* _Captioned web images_
···

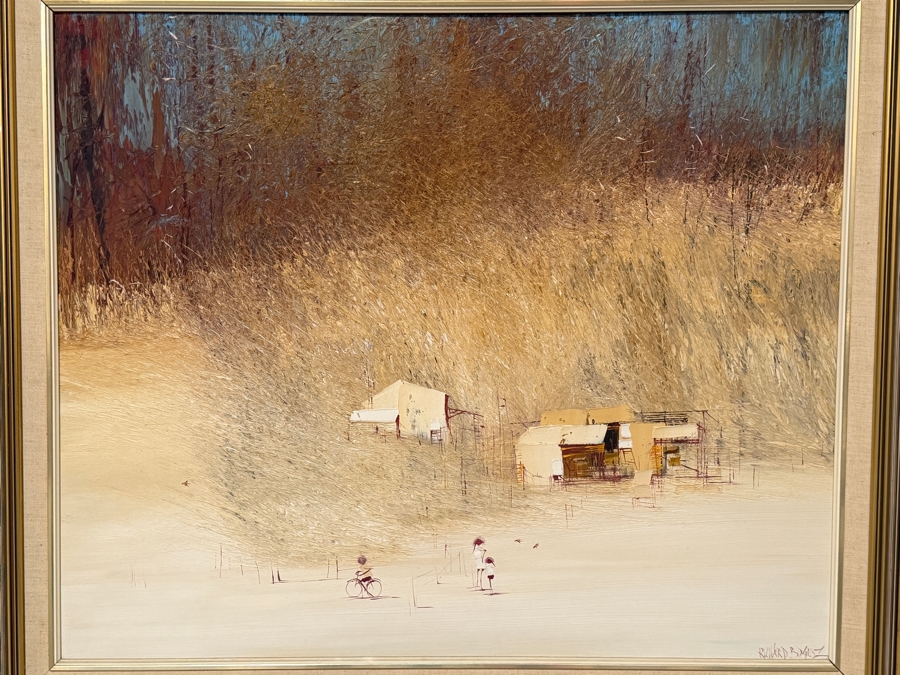 Richard Bogusz (B. 1947, Australian) Original Oil Painting on Board 36 X 30 Framed 43.5 X 37.5 [Photo 3]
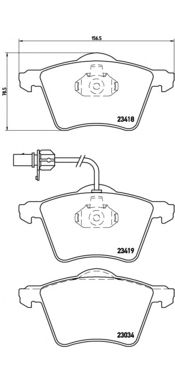 Комплект тормозных колодок BREMBO P 85 062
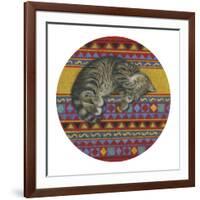 Comfortable Spot-Janet Pidoux-Framed Giclee Print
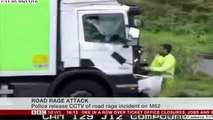 M62 British Road Rage Man smashes Window With Shovel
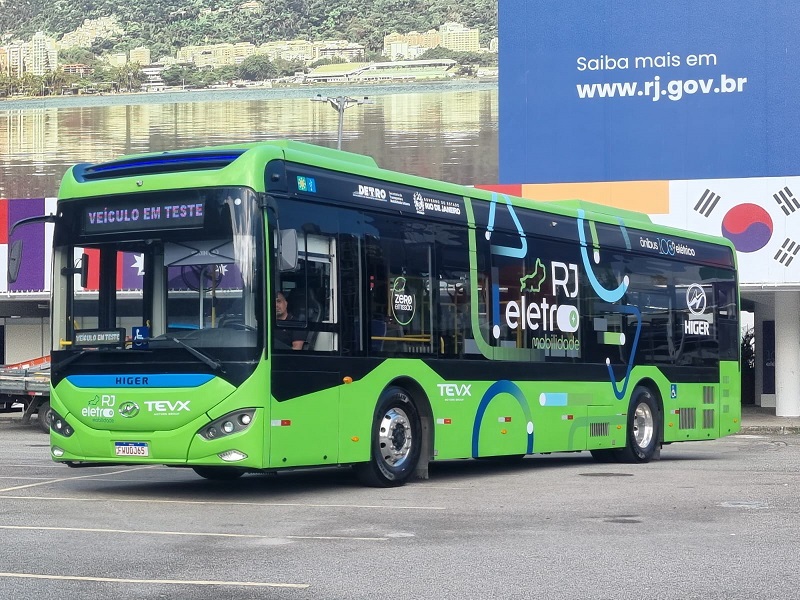 Transporte Verde: TEVX Higer participa do RJ Eletromobilidade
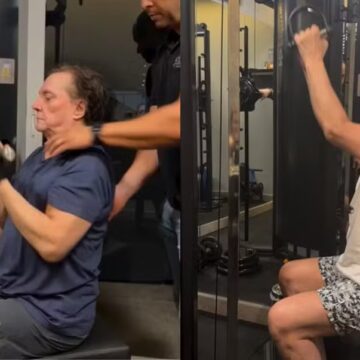Fábio Jr. engata rotina fitness na academia e recebe cantada: ‘Vem ser meu personal’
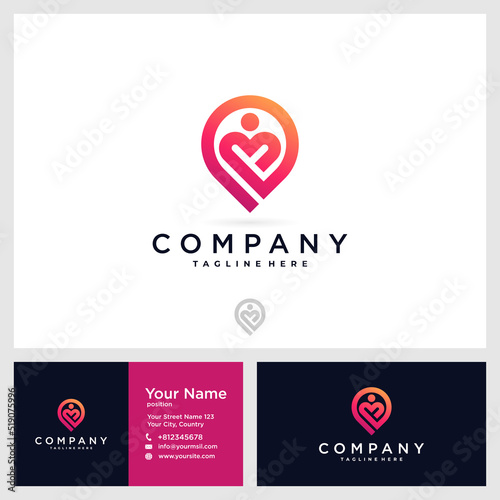 people point logo, location logo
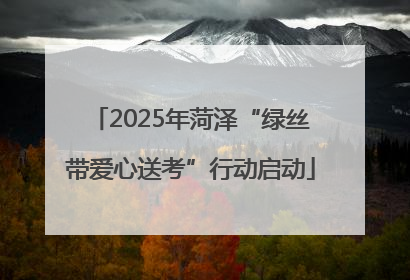2025年菏泽“绿丝带爱心送考”行动启动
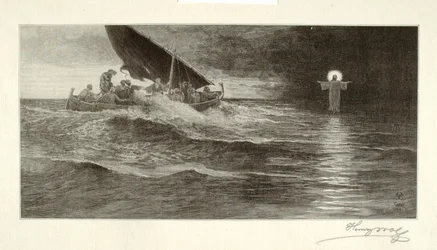 Christus geht auf dem Meer
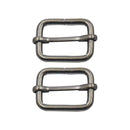 Non-Welded Metal Triglide Slider Buckles (Pack of 2)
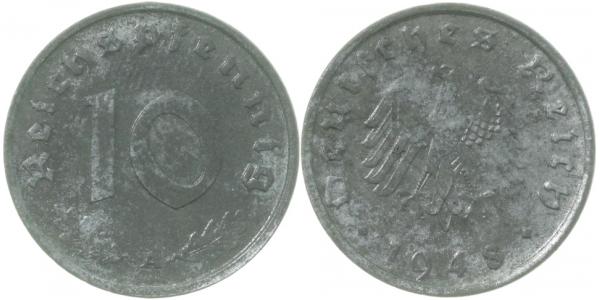10 Pfennig 1948 A J375 Alliierte Besatzung
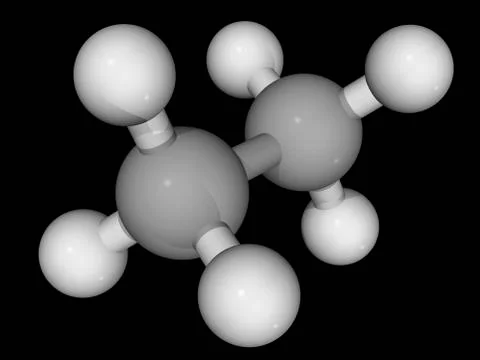 Ethane molecule Stock Illustration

···

* _PROBLEM DESCRIPTION_
Pick up at the line containing "people point logo, location logo" and copy each line exactly until the data ends, including that last line; copy no pictures.

* _RESPONSE TO THIS EXERCISE_
 people point logo, location logo
2025年菏泽“绿丝带爱心送考”行动启动
 Christus geht auf dem Meer
 Non-Welded Metal Triglide Slider Buckles (Pack of 2)
10 Pfennig 1948 A J375 Alliierte Besatzung
 Ethane molecule Stock Illustration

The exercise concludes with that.